19年の統一地方選では日本維新の会の公認候補18人のうち、17人が当選し、前回の10議席から党勢を拡大した。同年の参院選でも日本維新の会の元朝日放送アナウンサーの清水貴之氏がトップで当選するなど着実に支持を集めており、危機感は一層高まっていた。
そもそも井戸氏と大阪市長で大阪維新の会代表の松井一郎氏の不仲ぶりは有名で、「東大出で官僚上がりの井戸氏からすれば、松井氏はポッと出のチンピラ。上手くいくはずがない」(兵庫県庁幹部)のも納得だ。井戸ヨイショで固められた県幹部としても「大阪のようにかきまわされるのはごめん被りたい」との防衛本能が働き、選挙にも身が入ってきた。一方の維新からしても、地方自治改革を唱える以上、井戸氏は「ムダと惰性の地方政治の権化」としか写らなかった。
斎藤陣営、SNS活用で若手をターゲットに
そんななか、自民党の新会派と維新の会が政策協定するとの報道が流れるなど風向きが変わってきた。自民党県議団という最大会派から飛び出した新会派からすれば、少しでも知事選への協力を取り付けたい。たとえそれがかつて敵視していた維新でも、である。一方の維新にしても、斎藤氏は松井氏と吉村洋文大阪府知事に大阪府財政課長として仕えた旧知の仲であり、兵庫県内に勢力を伸ばすにはこれ以上ないチャンスだ。
兵庫県選出の国会議員の間からは「これを機に自民党の勢力が切り崩されるのは避けたい」との懸念も上がるが、先の石川氏は「知事になったら是々非々でやってくれと斎藤氏には言っている」と強気を崩さない。以下は石川氏の弁。
「斎藤氏はあくまで自民党からの推薦で出馬したと明言しており、維新からの過度な要求を飲むということはありえません。

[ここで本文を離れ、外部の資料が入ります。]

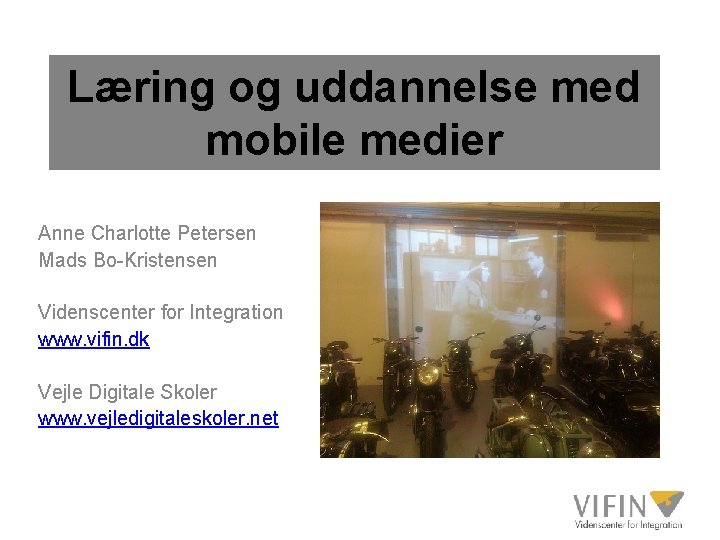 Læring og uddannelse med mobile medier Anne Charlotte Petersen Mads Bo-Kristensen Videnscenter for Integration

政策にしても方向性が一致すれば協力するという話で、意志決定のすべてにおいて維新が関与するという話でもないという点は強調したいと思います。
今回の選挙戦は地盤も看板もなく、とにかく“ないないづくし”の選挙です。厳しい闘いになるのはわかっていますが、金看板の自民党県議団を割って出た以上、退路を断って冷や飯を食う覚悟はできています。これからの兵庫県政を考えたら、金沢氏ではトップは務まらない。コロナ対応で40代の若手の首長が注目を集めており、勝ち目はあると考えています」
斎藤氏の陣営はSNSなどを活用し、若手をターゲットとした選挙戦略を展開していくという。
権力は必ず腐敗する。井戸県政20年のすべてが否定されるべきではないだろうが、弊害が大きかったことは否めない。新しいリーダーの下で兵庫県がどのように変わるのか。7月の投開票日に向けてどのような選挙戦が展開されるのか、注目したい。